Une légère embellie portée par la baisse de l’inflation…
Une embellie toute relative. D’abord parce que 1% de pouvoir d’achat en plus, c’est encore loin des 2% observés entre 1998 et 2007. Par ailleurs, «il faudra attendre des données plus précises pour vérifier si cette hausse profite à tous ou si les inégalités se perpétuent, nuance Philippe Moati. En 2012, l’évolution du pouvoir d’achat avait été peu favorable pour les 10% les plus pauvres. Mais depuis, on assiste à une inversion: avec ce gouvernement, le pouvoir d’achat baisse plus rapidement pour les plus riches que pour l’ensemble des ménages.»
Cinq bonnes nouvelles qui peuvent faire croire à la reprise
Ensuite, pas sûr que cette légère embellie soit durable. «On a eu un coup de pouce qui s’achève, reprend l’économiste. D’abord parce que le prix du pétrole va certainement repartir à la hausse. En effet, on le paie en dollars or la baisse de l’euro par rapport à la monnaie américaine va forcément faire grimper le prix du litre.» En février déjà, le prix du pétrole commençait à frémir. «Ensuite, la politique monétaire de la Banque centrale européenne (BCE) qui vise à relancer l’inflation va sans doute porter ses fruits, ce qui devrait amputer le pouvoir d'achat. Et c’est salutaire car, même si à court terme, on est content de voir les prix baisser, la déflation est dangereuse.» Enfin, rien ne dit que les salaires, en temps de chômage massif, vont continuer à augmenter en 2015.
…Qui peut devenir durable si la croissance revient
A l’inverse deux phénomènes encouragent cette hausse du pouvoir d’achat. «Cette embellie, portée par la croissance et une moindre pression fiscale serait plus durable», assure Philippe Moati. En effet, le gouvernement a promis que les impôts n’augmenteraient plus. Et la suppression de la première tranche de l’impôt sur le revenu va redonner des marges de manœuvre aux ménages les moins bien payés.
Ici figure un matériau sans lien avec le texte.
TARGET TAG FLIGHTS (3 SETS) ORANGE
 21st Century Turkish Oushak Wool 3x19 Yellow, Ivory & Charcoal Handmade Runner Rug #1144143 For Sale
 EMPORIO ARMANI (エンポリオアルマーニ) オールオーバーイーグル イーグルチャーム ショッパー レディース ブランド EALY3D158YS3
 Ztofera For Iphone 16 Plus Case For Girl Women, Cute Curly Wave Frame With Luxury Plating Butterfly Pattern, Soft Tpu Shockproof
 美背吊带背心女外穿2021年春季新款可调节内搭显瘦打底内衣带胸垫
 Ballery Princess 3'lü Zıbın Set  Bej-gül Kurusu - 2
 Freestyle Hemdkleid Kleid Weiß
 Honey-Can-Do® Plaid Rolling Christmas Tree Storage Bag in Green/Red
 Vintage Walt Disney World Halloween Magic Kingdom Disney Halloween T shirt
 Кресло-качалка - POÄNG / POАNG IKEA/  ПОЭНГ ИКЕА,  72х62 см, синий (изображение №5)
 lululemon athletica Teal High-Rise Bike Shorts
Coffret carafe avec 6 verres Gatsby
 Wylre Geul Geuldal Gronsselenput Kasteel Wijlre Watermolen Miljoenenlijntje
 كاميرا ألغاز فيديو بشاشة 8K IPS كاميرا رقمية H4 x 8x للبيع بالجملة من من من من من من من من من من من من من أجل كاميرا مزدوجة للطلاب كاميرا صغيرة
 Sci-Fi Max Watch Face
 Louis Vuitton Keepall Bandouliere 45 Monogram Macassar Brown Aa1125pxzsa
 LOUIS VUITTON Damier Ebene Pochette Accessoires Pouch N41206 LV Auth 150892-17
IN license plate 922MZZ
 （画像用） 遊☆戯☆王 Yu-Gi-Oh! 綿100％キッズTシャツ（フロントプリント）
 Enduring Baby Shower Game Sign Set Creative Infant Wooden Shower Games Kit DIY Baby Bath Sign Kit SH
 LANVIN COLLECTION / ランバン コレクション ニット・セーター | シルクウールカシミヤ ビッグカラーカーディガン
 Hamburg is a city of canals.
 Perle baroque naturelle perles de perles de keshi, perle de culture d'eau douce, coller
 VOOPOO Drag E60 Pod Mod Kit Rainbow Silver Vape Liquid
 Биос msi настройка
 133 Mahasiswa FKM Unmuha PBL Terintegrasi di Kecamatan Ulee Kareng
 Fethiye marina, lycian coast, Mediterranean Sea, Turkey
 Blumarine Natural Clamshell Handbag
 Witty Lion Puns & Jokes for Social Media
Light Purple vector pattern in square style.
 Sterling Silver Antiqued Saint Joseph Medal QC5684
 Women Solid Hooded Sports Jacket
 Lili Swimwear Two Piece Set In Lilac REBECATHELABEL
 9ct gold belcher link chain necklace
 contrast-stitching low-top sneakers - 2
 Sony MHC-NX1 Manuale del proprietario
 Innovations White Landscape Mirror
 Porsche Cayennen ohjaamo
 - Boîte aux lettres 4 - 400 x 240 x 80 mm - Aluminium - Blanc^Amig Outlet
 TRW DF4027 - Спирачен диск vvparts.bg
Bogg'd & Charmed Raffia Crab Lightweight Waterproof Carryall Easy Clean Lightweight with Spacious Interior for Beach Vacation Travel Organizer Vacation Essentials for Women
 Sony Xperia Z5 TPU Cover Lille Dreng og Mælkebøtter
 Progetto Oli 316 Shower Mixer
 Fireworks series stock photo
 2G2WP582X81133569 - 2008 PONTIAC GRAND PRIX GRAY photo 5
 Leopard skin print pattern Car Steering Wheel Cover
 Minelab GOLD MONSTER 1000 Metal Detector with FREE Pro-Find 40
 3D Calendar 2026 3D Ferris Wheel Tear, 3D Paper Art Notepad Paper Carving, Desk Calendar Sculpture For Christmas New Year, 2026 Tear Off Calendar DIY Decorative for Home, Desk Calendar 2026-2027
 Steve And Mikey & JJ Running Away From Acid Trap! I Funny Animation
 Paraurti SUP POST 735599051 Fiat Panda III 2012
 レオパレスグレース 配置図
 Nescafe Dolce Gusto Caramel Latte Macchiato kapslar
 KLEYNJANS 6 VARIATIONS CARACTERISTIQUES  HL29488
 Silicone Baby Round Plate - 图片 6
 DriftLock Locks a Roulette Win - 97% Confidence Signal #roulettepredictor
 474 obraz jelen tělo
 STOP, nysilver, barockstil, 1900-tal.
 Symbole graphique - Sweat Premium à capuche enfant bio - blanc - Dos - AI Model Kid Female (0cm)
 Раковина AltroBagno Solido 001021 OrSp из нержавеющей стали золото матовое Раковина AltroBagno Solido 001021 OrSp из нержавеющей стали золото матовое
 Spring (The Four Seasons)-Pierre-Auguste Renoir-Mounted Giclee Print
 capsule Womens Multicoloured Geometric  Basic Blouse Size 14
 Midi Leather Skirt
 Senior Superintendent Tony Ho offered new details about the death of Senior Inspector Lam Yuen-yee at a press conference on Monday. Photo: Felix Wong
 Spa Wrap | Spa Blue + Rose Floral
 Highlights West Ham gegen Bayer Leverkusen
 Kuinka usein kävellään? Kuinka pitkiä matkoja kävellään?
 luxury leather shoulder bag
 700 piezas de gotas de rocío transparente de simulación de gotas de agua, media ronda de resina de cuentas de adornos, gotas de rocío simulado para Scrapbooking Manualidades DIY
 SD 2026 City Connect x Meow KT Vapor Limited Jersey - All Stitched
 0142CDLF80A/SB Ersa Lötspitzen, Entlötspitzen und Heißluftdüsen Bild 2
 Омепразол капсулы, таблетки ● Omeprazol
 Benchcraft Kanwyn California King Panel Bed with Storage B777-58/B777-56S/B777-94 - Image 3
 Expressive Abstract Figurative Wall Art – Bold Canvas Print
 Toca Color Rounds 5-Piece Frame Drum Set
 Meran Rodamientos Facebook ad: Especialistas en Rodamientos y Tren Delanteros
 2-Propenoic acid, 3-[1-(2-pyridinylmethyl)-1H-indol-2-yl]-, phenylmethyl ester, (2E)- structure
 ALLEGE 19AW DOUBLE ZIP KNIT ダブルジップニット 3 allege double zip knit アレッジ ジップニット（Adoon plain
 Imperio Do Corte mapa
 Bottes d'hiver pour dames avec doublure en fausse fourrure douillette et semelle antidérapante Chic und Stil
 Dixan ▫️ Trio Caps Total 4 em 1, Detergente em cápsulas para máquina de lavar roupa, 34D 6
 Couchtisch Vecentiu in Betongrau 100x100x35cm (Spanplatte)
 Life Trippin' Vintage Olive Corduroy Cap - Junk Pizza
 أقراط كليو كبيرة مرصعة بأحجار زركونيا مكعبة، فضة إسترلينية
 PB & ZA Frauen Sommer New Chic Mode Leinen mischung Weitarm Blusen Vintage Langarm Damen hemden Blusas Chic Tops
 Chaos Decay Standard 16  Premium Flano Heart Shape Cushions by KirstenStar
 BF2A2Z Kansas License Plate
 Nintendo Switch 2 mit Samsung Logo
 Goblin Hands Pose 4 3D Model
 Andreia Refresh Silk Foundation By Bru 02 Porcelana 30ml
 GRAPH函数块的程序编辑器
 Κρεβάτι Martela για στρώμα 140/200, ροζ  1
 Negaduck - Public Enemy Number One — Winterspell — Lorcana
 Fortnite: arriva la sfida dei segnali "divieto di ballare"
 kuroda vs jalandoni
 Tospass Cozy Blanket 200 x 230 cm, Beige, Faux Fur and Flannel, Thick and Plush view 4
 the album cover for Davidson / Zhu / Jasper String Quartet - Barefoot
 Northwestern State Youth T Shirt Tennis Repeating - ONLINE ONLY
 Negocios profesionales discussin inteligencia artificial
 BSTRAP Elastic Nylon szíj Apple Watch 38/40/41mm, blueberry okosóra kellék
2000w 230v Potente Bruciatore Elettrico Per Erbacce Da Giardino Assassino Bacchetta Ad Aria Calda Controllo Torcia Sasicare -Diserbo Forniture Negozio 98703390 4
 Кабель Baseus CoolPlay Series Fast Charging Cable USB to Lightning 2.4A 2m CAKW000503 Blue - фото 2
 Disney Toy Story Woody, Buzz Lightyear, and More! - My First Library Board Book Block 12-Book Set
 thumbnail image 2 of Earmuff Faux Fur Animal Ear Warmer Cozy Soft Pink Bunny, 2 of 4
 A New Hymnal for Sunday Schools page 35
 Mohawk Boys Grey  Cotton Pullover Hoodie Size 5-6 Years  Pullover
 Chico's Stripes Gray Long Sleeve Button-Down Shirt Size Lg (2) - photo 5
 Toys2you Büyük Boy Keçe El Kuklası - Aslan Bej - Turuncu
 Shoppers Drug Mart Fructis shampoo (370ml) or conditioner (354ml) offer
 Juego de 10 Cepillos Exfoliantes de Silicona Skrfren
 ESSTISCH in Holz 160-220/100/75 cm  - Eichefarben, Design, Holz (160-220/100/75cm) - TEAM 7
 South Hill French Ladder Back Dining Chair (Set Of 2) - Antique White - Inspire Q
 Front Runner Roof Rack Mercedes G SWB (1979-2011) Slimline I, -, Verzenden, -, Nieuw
«Aujourd’hui, on ne retrouve pas une augmentation de la consommation à la hauteur de celle du pouvoir d’achat. Car les Français ont profité de ce coup de pouce pour épargner. Ils ont absorbé le choc fiscal en réduisant leur épargne en 2012 alors que nos enquêtes à l’Obsoco révèlent l’inquiétude pour l’avenir et le désir d’économiser. Mais si le pouvoir d’achat continue de croître en 2015, étant donné que le taux d’épargne est déjà élevé (15,8% au 3e trimestre), il devrait stimuler la consommation… et donc la croissance.» Dont les prévisions ont été revues à la hausse: 1,1% en 2015 et 1,7% en 2016. Encore une raison d'espérer que le pouvoir d’achat va continuer de grimper.